Evolução do motor do Fusca ao longo dos anos
Os primeiros exemplares do Fusca vieram com motor traseiro boxer de 1.192 cm³, refrigerado a ar. Esta configuração, popularmente conhecida como ‘1200’, era casada a um câmbio manual de quatro marchas.
O conjunto mecânico produzia 36 cv de potência na sua versão inicial. Em 1967, a capacidade cúbica foi aumentada para 1,3 litro, resultando em 46 cv.
Três anos depois, surgiu o motor 1,5 litro de 52 cv, apelidado de Fuscão. Cada aumento representou um passo na busca por mais desempenho.
Essa trajetória culminou no desenvolvimento do Super-Fuscão. A evolução técnica preparou o caminho para a versão mais potente da linha.
Detalhes que identificam o Super-Fuscão
Características externas
Na tampa traseira do exemplar encontrado, há uma peça plástica com o logo 1600 S. Este componente tem função aerodinâmica, direcionando mais ar para o motor.
O escapamento de saída única com ponteira levemente curvada é original do modelo. Foram instalados um jogo de faróis de milha e um traseiro de neblina.

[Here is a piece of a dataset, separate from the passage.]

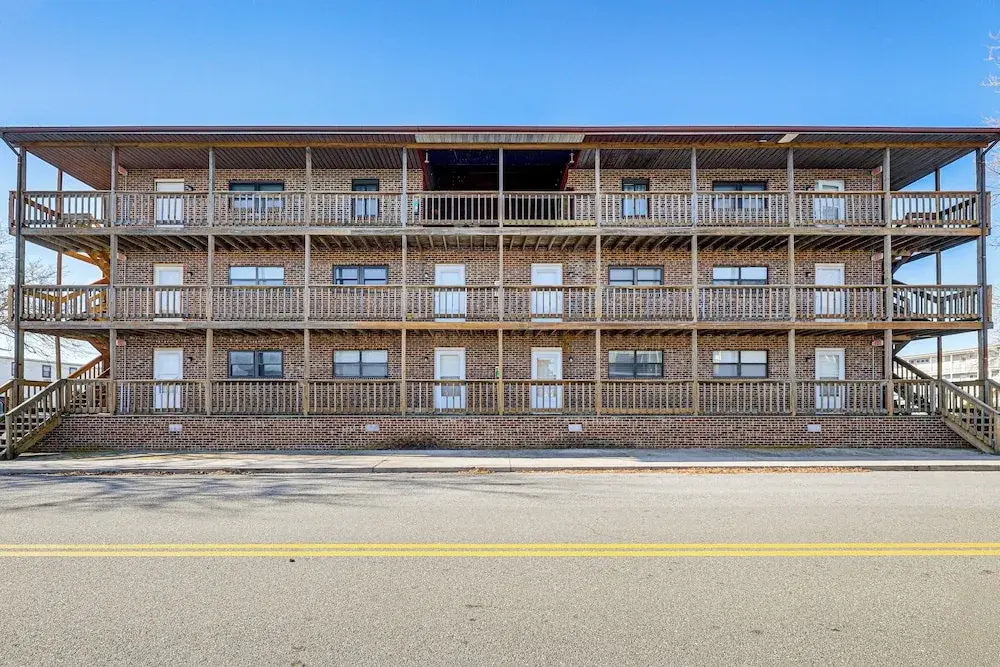 Walk to Ocean City Beach! Cozy Couples Retreat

Esses elementos complementam o visual esportivo do veículo. Cada detalhe contribui para a identidade única desta versão.
Interior com equipamentos especiais
No habitáculo, o volante esportivo Walrod recebeu novo revestimento. O carpete do assoalho é exclusividade do Fuscão e encontra-se em ótimas condições.
O painel de instrumentos traz:
- Conta-giros do lado esquerdo
- Velocímetro central com escala até 160 km/h
- Marcador de combustível à direita
- Amperímetro, temperatura do óleo e relógios de horas abaixo, ao centro
Todos esses instrumentos funcionam perfeitamente, segundo as informações disponíveis. Os bancos são originais e contam com sistema reclinável, algo que os Fusca 1300 e 1500 não tinham.

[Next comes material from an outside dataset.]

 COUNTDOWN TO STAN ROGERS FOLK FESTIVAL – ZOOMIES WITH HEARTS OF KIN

Este nível de equipamento era incomum para a época. A seguir, entenda por que a produção foi tão limitada.
Produção extremamente restrita
O Volkswagen Super-Fuscão 1600 S ‘Bizorrão’ teve pouco mais de 5,5 mil unidades produzidas. A fabricação ocorreu entre 1974 e 1975, segundo os dados disponíveis.
A produção não durou nem um ano completo. Essa curta existência explica a raridade do modelo no mercado atual.
Em comparação com outros esportivos brasileiros, o ‘Bizorrão’ é particularmente escasso. Sua produção limitada o torna objeto de desejo entre colecionadores.
A brevidade da fabricação contrasta com o impacto técnico do modelo. As inovações introduzidas marcaram época.
Inovações técnicas do ‘Bizorrão’
O ‘Bizorrão’ foi o primeiro Fusca a adotar dupla carburação. Com a adição de dois carburadores Solex, o motor boxer a ar 1.600 ganhava 65 cv de potência.
O torque chegava a 12 kgfm a partir de 3.000 rpm. A mudança veio acompanhada de um aumento na bitola dianteira.
Outras particularidades incluíam para-brisa maior, entre outras modificações. Essas alterações buscavam melhorar o comportamento dinâmico do veículo.
As inovações representaram o ápice da evolução do Fusca como esportivo acessível. O legado técnico permanece como referência para entusiastas.
O exemplar encontrado pela Autoesporte testemunha esse capítulo da história automotiva brasileira. Com preço de R$ 129 mil, oferece a oportunidade de adquirir um pedaço raro desse patrimônio sobre rodas.